島田は昨日の自分のブログで「『中沢新一批判、あるいは宗教的テロリズムについて』刊行のお知らせ」をした。 麻原集団被害者の会(笑)の仲間である二人が、ここに来て、互いの位置関係を計り、未来に向けての地球人スピリットに益する「学問的成果」を挙げてくれることを期待する。
本書とは直接関係ないが、私の立場は、ブッタの2500年サイクルの法輪は、すでにインドに帰ったのであり、いま新たな形で、次の2500年サイクルが始まってしまった、というものだ。日本社会における創価学会をはじめとする立正佼成会や霊友会などの日蓮ゆかりの流れが隆盛したことと、インド度社会において、アードベンガルや、それを継ぐところの佐々井秀嶺に代弁されるような新仏教徒運動が、インド大陸で大きな波を起こしていることと無関係ではないと見る。
私はどんなに間違いがあったにせよ、麻原集団の試行錯誤を裏で支えてしまったかもしれない、新しい潮流が、すでに始まっていると見る。グローバルな視点が叫ばれるが、やはりまだまだ地球は広い。交通や情報が発達しても、一個の生身の人間の体をもつ存在としては、一つの思想や宗教性が、地球全体を覆うには、それなりの時間がかかるだろうと思われる。
それは、1年や2年ではないだろう。ましてや10年20年サイクルでもちょっと無理なようだ。ただ100年200年はかからないのではない。少なくとも人間の世代で3代、80年から90年もあれば、地球人のスピリットは大きく変わるだろう。それこそ、22世紀あたりには、仏教やキリスト教やイスラム教を超えた地球人スピリットが大勢を占めることになるはずだ。
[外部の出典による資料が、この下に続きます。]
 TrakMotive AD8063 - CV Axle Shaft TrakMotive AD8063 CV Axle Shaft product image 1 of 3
ということは、まだまだいまから「終わりの始まり」の作業につく潮流もあるだろうが、中堅どころではすでに「始まりの始まり」が始まってしまっているのである。なぜ、そう言えるかというと、最先端部分では、すでに「始まりの終わり」を迎えているからである。
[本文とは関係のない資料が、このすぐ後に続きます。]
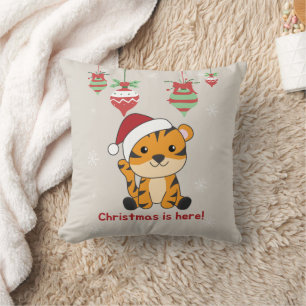 Tijger kerstsneeuw winterdieren tijger duik pi kussen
島田の復活を私は同時代人として大いに喜ぶ。島田には島田にしかできない仕事がある。今後も注目していきたい。しかし、ゆめゆめ、「日本」や「教団」という視点にとらわれてしまって、「地球人」や「スピリット」という原点を忘れないでもらいたいと思う。そして、客観的に見るとともに、直感する魂をすてないで欲しいと願う。